Bem acknowledged that the experiments would have to be replicated in order to confirm that precognition is a real effect. Two other researchers, Jeff Galak of Carnegie Mellon University and Leif Nelson of the University of California at Berkeley, have already tried to replicate one of Bem's experiments (the one with the word recall test) and failed to get any significant results.
"Why do we not see any evidence of precognition?" Galak and Nelson wrote in their research paper. "There are obviously a multitude of possibilities for why we failed to obtain a result similar to Bem, ranging from the mundane (e.g., our sample was more heterogeneous than Bem's) to the exotic (e.g., the quantum mechanics that allow for the detection of future events are also contingent on the specific physical features of the original experiment rooms.)

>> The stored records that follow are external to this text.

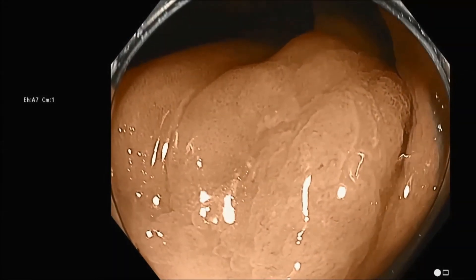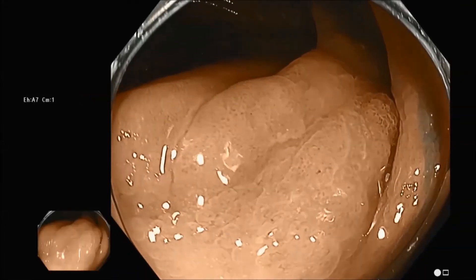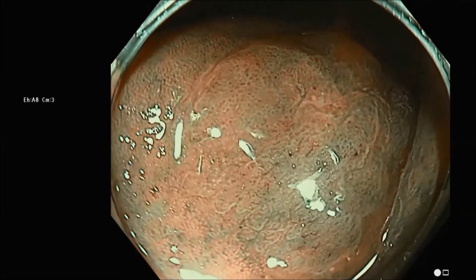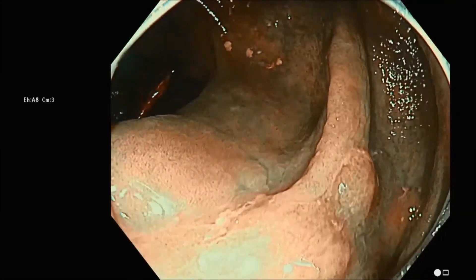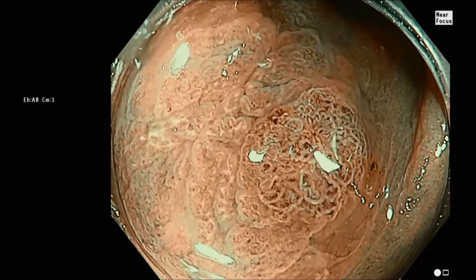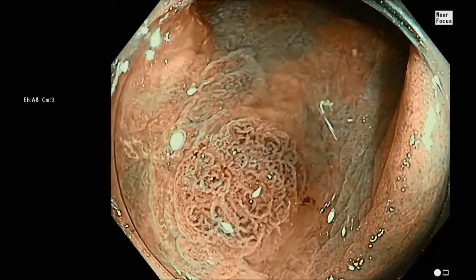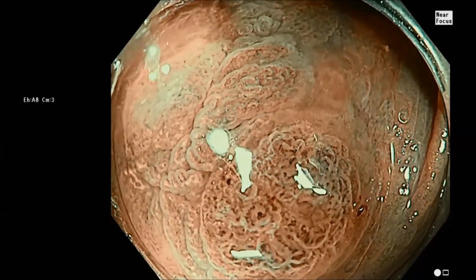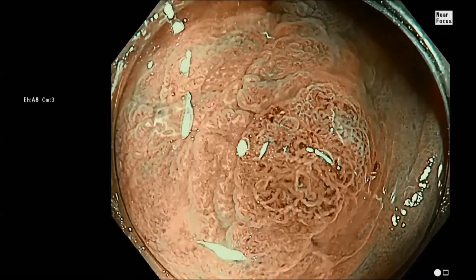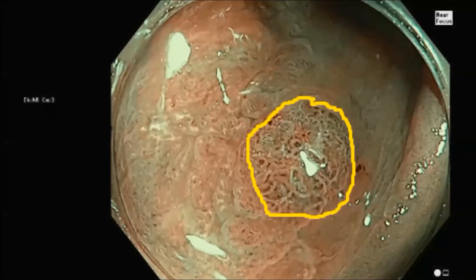The second step in the sessile serrated polyp to cancer sequence is the sessile serrated polyp with cytological dysplasia, which combines the features of the SSP with a conventional adenoma. Most of this lesion is SSP, but over on the right edge we see a small five millimeter area with typical features of a conventional adenoma — very dense in blood vessels and tubular pits. This is the dysplastic portion of the SSP with cytological dysplasia, delineated within a yellow circle in the still photograph.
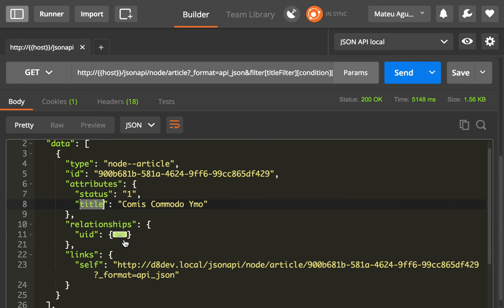So that's how you tailor down using sparse field sets, the response to what you need.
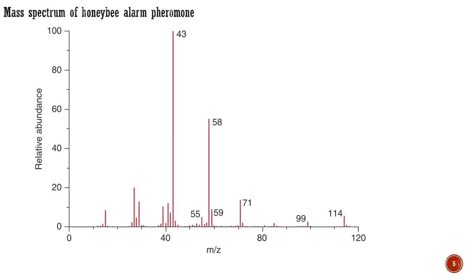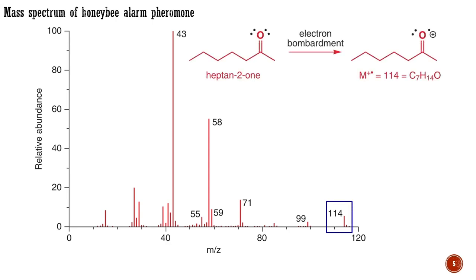A typical electron impact mass spectrum looks like this. This compound was identified as a pheromone deposited by worker bees when feeding, as a marker to deter their colleagues from visiting the same, now depleted, nectar source. Only minute quantities are available for analysis, but that does not matter — mass spectrometry is successful even on a microgram scale. The spectrum indicates that the molecule has a mass of 114 because that is the highest mass observed. The molecule is in fact the volatile ketone heptanone, alternatively known as honeybee alarm pheromone.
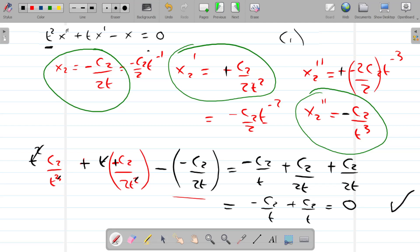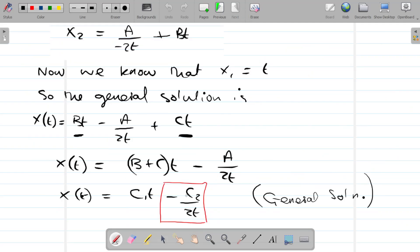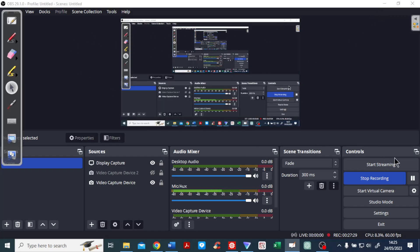So we know that X2 is equal to minus C2 over T, and we've verified it satisfies the ODE. The final general solution is X of T equals C1 T minus C2 over 2T, and that is the general solution of the original differential equation. I hope that's been okay — do come back, watch more of my videos, and let me know of any issues in the comments. Until next time, farewell and see you soon.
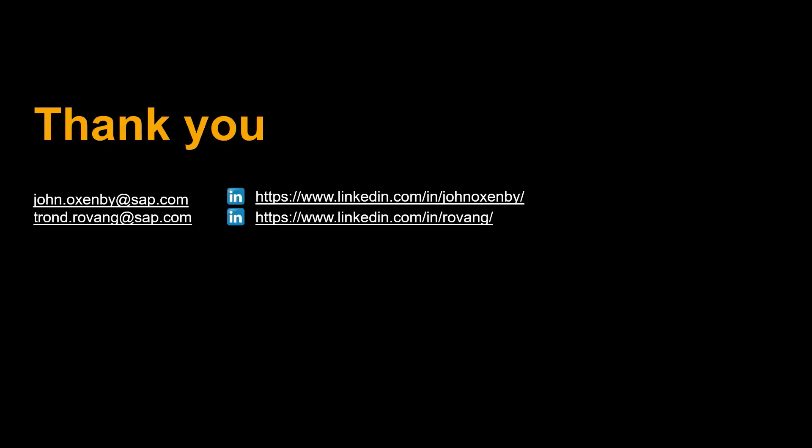Thanks a lot for watching. Please comment, like and subscribe. More videos like this coming shortly. See you then.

"For the purposes of this paper we really only care about one possibility: Do we fail to detect precognition because precognition does not exist? In answer to this question we emphatically say, 'We don't know. On the one hand, we fail to replicate the effect, but on the other hand, our single failure to replicate is hardly sufficient to seriously undermine an entire paper.'"
Bem said Galak and Nelson went ahead with their trial without having full information about how his own experiments were conducted. They also had their experimental subjects take the test over the Internet rather than in person. When the test is conducted online, "you lose total control over it," Bem said. (Galak and Nelson admit that it's "unclear" how closely their subjects attended to the key elements of the experiment.)
But never fear: Since word about Bem's results got out, he's received dozens of requests for information about how the experiment was done. The experiments are sure to be repeated, and the results from those experiments should confirm whether precognition is for real. Who knows? Some of you may already have a sixth sense about this. Feel free to weigh in with your own premonitions -- or even your plain old opinions -- in the comment section below.
For more about Bem's findings, check out this report from New Scientist and this one from H Plus magazine. But if you want to try replicating his experiments, don't just download the replication packages. Let Bem know so that he can keep track.
Additional unsuccessful attempts to replicate Bem's experiments have come to light, including "Retro-priming et re-test" by Thomas Rabeyron and Caroline Watt; and "Precognitive Habituation: An Attempt to Replicate Previous Results," by Gergo Hadlaczky.